We are using Direct-Path approach to fill one of our Data Marts. We are also pointing the exact subpartition to which insert should be done. Here is the sql:
INSERT /*+ APPEND_VALUES */ INTO DWH.DM_CORE_AC_SALDOS SUBPARTITION(SYS_SUBP7709) VALUES (:B1 ,:B2 ,:B3 ,:B4 ,:B5 ,:B6 ,:B7 ,:B8 ,:B9 ,:B10 ,:B11 ,:B12 ,:B13 ,:B14 ,:B15 ,:B16 ,:B17 ,:B18 ,:B19 ,:B20 ,:B21 )
All process is controlled by dbms_parallel_execute with parallel level of 40. That is there are 40 separate sessions doing their own insert to separate subpartitions. However, the process is taking too long to finish, in sessions windows we can see that sessions are not locking each other, but they have wait class 'User I/O' and wait state 'WAITING' . Here is the snapshot of how sessions windows looks during the process:
Is there anything we are doing wrong? Maybe we should have set some database parameters right or changed a table structure (initrans or pctfree) ?

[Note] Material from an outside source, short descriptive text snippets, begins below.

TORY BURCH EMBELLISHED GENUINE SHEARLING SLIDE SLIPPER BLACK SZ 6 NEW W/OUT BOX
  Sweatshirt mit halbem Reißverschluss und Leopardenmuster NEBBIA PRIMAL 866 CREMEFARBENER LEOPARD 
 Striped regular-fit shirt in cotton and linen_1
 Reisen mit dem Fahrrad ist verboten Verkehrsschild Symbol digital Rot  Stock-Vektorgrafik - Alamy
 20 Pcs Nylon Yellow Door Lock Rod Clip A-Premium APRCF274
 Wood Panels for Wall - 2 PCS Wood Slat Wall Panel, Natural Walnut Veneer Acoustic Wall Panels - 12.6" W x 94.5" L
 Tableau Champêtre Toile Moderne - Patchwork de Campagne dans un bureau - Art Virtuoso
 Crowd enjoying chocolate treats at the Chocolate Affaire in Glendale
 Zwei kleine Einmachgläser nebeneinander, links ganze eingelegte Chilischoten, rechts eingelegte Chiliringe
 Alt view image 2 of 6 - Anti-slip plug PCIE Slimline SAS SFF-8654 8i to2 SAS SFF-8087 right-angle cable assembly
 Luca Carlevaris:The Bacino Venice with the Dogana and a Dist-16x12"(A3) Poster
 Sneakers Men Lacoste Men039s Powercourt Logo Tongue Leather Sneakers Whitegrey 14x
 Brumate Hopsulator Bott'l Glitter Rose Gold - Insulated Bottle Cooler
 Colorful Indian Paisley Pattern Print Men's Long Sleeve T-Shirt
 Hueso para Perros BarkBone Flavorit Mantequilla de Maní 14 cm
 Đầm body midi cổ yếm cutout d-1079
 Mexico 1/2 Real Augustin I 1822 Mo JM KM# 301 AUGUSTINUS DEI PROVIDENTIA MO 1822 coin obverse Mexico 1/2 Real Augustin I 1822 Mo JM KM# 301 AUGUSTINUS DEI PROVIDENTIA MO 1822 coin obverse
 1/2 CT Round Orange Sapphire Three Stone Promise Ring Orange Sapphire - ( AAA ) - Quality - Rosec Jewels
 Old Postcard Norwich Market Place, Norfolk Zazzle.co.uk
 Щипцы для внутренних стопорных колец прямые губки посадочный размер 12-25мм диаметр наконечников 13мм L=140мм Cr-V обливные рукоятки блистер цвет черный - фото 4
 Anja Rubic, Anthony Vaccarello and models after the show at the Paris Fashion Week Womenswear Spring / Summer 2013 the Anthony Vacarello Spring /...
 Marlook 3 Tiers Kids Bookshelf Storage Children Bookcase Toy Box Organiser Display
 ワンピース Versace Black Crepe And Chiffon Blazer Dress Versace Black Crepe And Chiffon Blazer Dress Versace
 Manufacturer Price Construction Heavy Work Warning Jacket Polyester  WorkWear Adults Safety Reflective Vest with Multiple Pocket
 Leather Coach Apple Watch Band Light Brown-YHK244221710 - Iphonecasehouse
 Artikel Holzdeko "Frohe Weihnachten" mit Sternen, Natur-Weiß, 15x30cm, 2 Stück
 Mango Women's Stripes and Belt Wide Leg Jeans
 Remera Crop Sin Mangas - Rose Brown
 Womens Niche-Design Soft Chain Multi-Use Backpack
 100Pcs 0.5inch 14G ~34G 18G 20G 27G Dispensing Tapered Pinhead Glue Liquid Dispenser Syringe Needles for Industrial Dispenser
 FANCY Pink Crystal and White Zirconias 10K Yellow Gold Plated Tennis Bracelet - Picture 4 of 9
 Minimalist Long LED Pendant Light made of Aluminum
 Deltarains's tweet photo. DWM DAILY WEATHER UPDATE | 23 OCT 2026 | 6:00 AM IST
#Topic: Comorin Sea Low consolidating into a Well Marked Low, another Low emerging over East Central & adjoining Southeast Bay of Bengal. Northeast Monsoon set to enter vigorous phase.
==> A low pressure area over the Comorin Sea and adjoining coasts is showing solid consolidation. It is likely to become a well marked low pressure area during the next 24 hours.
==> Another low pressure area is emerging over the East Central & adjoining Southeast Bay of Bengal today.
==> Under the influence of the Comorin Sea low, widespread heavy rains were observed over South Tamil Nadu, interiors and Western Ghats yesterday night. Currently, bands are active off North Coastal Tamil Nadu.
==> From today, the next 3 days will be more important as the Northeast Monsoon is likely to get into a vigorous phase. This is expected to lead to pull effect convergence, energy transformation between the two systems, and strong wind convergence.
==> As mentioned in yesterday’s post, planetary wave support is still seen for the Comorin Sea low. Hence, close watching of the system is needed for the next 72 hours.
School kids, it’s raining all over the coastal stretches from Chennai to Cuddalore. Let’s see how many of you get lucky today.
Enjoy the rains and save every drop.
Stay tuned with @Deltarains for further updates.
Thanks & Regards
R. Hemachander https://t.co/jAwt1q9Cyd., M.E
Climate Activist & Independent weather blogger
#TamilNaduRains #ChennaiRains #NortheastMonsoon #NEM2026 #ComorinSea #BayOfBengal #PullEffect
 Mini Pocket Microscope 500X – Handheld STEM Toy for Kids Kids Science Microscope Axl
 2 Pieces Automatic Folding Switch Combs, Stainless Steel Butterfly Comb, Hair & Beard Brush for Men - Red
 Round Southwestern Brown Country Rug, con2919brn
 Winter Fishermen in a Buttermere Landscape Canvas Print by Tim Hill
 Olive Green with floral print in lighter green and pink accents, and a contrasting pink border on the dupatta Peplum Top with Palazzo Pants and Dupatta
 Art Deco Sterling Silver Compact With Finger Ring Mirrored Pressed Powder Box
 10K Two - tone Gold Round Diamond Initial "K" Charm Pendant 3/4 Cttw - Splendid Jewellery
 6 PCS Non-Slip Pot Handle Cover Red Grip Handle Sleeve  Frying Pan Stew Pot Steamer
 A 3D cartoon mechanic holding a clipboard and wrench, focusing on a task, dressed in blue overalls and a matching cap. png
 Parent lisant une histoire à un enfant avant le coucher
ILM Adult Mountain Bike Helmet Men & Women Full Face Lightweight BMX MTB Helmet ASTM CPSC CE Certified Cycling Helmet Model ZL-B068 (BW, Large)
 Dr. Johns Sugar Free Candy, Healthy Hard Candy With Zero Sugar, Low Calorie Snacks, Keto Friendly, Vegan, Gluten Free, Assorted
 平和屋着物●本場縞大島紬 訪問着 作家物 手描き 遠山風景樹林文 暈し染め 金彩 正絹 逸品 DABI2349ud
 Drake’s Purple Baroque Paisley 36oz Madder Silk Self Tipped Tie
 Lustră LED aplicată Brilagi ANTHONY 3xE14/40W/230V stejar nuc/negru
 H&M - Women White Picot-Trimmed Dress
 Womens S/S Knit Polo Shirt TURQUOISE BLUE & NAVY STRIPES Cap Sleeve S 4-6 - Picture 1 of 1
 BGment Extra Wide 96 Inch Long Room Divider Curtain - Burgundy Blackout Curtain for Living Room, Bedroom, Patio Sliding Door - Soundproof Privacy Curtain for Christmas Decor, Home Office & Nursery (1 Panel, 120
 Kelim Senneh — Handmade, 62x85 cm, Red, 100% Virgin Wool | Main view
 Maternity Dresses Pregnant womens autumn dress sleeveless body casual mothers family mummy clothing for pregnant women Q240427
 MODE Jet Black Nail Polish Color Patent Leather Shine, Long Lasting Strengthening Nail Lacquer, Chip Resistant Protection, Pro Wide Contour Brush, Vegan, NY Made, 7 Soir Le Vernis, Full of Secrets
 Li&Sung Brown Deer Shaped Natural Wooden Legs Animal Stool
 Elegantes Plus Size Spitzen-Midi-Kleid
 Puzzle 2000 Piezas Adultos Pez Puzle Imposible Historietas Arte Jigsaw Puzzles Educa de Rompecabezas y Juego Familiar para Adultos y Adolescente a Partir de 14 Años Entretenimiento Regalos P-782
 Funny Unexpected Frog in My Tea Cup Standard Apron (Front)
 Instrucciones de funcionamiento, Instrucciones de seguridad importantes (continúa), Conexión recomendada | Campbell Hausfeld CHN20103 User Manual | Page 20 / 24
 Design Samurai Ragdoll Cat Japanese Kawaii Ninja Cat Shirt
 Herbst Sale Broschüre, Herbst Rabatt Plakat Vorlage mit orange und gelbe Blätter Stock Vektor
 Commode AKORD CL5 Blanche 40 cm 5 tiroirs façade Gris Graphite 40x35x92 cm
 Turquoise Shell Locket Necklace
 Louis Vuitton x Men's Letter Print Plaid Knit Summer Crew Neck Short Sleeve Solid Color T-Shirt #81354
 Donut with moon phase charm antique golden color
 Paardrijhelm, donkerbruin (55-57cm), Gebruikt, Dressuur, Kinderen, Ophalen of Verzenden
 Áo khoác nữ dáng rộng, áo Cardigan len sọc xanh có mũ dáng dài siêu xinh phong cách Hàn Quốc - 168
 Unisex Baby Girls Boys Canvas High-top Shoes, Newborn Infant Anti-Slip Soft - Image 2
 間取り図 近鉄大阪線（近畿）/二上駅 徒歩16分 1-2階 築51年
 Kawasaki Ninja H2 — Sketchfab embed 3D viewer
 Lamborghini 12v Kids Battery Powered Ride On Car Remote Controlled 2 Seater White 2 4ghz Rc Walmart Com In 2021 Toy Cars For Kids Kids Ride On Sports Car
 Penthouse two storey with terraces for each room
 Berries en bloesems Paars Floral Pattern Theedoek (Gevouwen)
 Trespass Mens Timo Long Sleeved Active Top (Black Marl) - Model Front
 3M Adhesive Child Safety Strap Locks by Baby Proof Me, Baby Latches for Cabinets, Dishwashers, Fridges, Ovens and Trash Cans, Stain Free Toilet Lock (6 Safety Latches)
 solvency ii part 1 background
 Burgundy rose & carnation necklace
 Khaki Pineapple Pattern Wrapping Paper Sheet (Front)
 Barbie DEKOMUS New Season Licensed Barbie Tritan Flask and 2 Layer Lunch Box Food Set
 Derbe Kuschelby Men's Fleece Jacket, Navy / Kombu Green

Edit : Almost all sessions have event 'db file sequential read'. I suppose reason why it is running slow may be because of an index maintenance operations. I checked file# from dba_data_files and most of the show files allocated for index tablespace. I read that direct path insert does index maintanance in the end of insert so may be this is a problem. In this case should I avoid using direct path insert?

Using direct path writes takes exclusive locks on the corresponding table/partitions. Only one session at a time can do direct-path writes on an object.
Running 40 parallel processes won't help here. You're running 40 transactions one after the other. If you want to use direct path writes, you're better off running it all the same transaction; ditch dbms_parallel_execute.